Beyond resolution, the multi-screen configuration introduced both technical and storytelling challenges. Content needed to remain coherent across screens while avoiding visual overload, distraction, or narrative fragmentation.
To solve for this, we developed a series of creative and technical approaches:
A custom outpainting pipeline to extend AI-generated imagery into extreme aspect ratios
VFX-driven integration of outpainted content to expand peripheral vision while preserving the core narrative on the center screen
Throughout development, every multi-screen decision balanced what was technically possible, what was most pleasing to experience at scale, and how each screen enhanced or shaped the audience’s emotional and narrative understanding.
PRE-PRODUCTION / TESTING
In advance of CES, it was important that we could preview the video on a large screen format.
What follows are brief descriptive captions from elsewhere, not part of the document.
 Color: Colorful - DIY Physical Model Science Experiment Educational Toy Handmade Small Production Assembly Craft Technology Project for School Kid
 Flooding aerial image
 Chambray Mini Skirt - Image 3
Tool partnered with Pier59 Studios to leverage their state-of-the-art Mega Wall as a large-format validation environment. This allowed the team to preview and refine AI-generated keynote graphics at true presentation scale, assess whether motion and transitions felt appropriate for a live audience, and avoid visual intensity that could cause viewer fatigue or motion sickness. Working at this scale also provided critical insight into the overall impact of content on a wall of this size, enabled accurate color evaluation, and helped surface potential compression artifacts early. By using Pier59’s facility for large-format AI previs, Tool reduced downstream risk, accelerated creative decision-making, and delivered greater confidence in how the content would perform in the live CES environment.
IMMERSIVE MOTION GRAPHICS
Design was used selectively to support the story - clarifying key beats, reinforcing technical ideas, and guiding understanding without pulling attention away from the experience itself.
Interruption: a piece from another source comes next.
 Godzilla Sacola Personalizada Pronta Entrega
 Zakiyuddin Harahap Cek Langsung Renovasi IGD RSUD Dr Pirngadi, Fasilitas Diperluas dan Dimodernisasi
The visual system was intentionally minimal. With AI-generated imagery carrying the emotional weight of the film, design served as a framing and communication layer, stepping in only when it added clarity or structure. Elements appeared briefly to explain or reinforce ideas, then receded to keep the narrative moving.
The look was purposefully familiar to the technology world, stripped back to its essential components. Clean typography, restrained motion, and a limited visual palette ensured the design felt credible and modern without competing with the imagery.
Speed was a core consideration. The story unfolds quickly, and the design needed to communicate concepts just as fast - prioritizing immediate legibility and clear hierarchy.
The seven-screen environment introduced both complexity and opportunity. Design established a horizontal hierarchy across the canvas, with the center screen holding the core narrative and the outer screens used selectively to extend context or amplify key moments. This kept the experience focused while fully leveraging the scale of the venue.
SOCIAL MEDIA AND YOUTUBE
Beyond the live event, we worked with AMD’s social media team to deliver the content at various sizes and resolutions: 16x9, 4x5, and 1x1.